I've written a blog post mostly directed at activists in Georgia and other red states, but which I think is applicable to most areas, called Turn Georgia Blue precinct by precinct
I think an approach that starts geographically close to where you sleep is a good strategy for building a lasting movement, whether you are trying to win an election, fight poverty, build an anti-war movement, or achieve universal health care. The rest is below the fold ...
I think that post-WWII sprawl has had the effect of creating a geographically neutral approach to politics, and a counterproductive psychology to go along with it. Just as I can drive to work twenty miles from where I live, I can also go to a meeting to a place with like-minded people. I may or may not see those same people in other contexts, but we've self-sorted. The internet makes it even a bit more Balkanized.

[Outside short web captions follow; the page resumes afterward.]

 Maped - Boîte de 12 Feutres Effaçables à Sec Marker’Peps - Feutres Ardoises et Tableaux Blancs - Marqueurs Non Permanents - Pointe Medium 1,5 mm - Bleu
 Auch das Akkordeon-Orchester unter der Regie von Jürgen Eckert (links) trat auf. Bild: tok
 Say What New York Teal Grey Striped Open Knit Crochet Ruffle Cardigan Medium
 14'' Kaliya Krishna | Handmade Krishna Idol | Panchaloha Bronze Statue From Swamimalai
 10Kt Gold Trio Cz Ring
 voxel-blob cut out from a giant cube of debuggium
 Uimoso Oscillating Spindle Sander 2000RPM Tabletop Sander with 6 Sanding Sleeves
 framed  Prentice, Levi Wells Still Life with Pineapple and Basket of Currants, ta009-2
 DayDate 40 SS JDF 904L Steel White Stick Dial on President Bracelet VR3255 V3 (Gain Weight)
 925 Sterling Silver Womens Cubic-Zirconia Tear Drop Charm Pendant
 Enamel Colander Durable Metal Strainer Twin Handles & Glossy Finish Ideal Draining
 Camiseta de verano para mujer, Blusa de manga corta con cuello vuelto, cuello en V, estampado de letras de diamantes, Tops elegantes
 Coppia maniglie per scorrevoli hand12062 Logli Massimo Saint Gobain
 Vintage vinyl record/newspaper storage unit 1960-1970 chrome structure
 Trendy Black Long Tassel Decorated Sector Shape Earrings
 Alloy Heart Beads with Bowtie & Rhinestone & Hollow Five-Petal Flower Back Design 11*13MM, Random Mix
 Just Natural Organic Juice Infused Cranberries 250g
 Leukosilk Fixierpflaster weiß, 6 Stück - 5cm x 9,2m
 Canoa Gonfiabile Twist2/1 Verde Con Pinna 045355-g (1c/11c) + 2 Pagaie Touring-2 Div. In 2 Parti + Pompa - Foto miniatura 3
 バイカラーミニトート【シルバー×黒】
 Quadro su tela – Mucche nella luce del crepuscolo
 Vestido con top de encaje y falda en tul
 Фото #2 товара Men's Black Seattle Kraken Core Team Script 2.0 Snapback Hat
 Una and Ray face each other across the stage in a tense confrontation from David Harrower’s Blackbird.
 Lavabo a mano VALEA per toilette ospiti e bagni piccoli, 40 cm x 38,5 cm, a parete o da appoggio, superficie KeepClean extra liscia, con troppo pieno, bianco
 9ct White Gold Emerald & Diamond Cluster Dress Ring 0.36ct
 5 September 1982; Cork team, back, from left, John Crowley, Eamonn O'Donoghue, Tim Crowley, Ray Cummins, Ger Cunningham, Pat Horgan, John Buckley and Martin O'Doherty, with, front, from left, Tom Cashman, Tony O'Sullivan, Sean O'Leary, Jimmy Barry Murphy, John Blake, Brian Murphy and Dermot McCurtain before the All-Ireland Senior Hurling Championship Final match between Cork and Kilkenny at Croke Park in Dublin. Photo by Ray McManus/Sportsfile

Now there are good things about this. Progressives living in a conservative suburb, or in a solidly red north Georgia county, can break their isolation by either going online or driving to a meeting elsewhere.
It has other advantages as well. The old ward boss system in northern cities, or county unit systems in the south, were fertile grounds for corruption and fiefdoms run by petty dictators.
I think at this point the progressive movement should embrace a modern version of ward politics though. In red states I think it's the only way progressives are going to dig in and build lasting movements for change. We can wait around for demographics to do our work for us, but there's no guarantee even that will work for us. Eventually the right is going to start seriously contesting for votes in segments of the population it's been ignoring, and progressives and democrats don't have any birthright to anyone's support or votes. We have to work for it like anyone else.
I've laid out some of the specifics in my blog post, but my basic premise is that the precinct is the largest unit an individual activist can really know intimately. I can make generalizations about my county, state, or region, but there are only so many people I can actually talk to, and the precinct keeps it manageable.
One thing I didn't cover was some of the arguments I've heard for why people aren't doing work in their own precinct. "Everyone here is a conservative", or "There are too many other progressives in my area, so I should be focusing somewhere else". I look over election results a lot, and in the case of the 2012 election there wasn't a single district in my majority conservative county which didn't have a substantial number of Obama votes. Not one. Not even in overwhelmingly white and affluent East Cobb. And Romney got a surprising number of votes in my Democratic south Cobb precinct. So there are always people to reach. As for the "too many progressives" argument, great, do an intense GOTV campaign, then raise money to send to people in areas organizing in less receptive districts.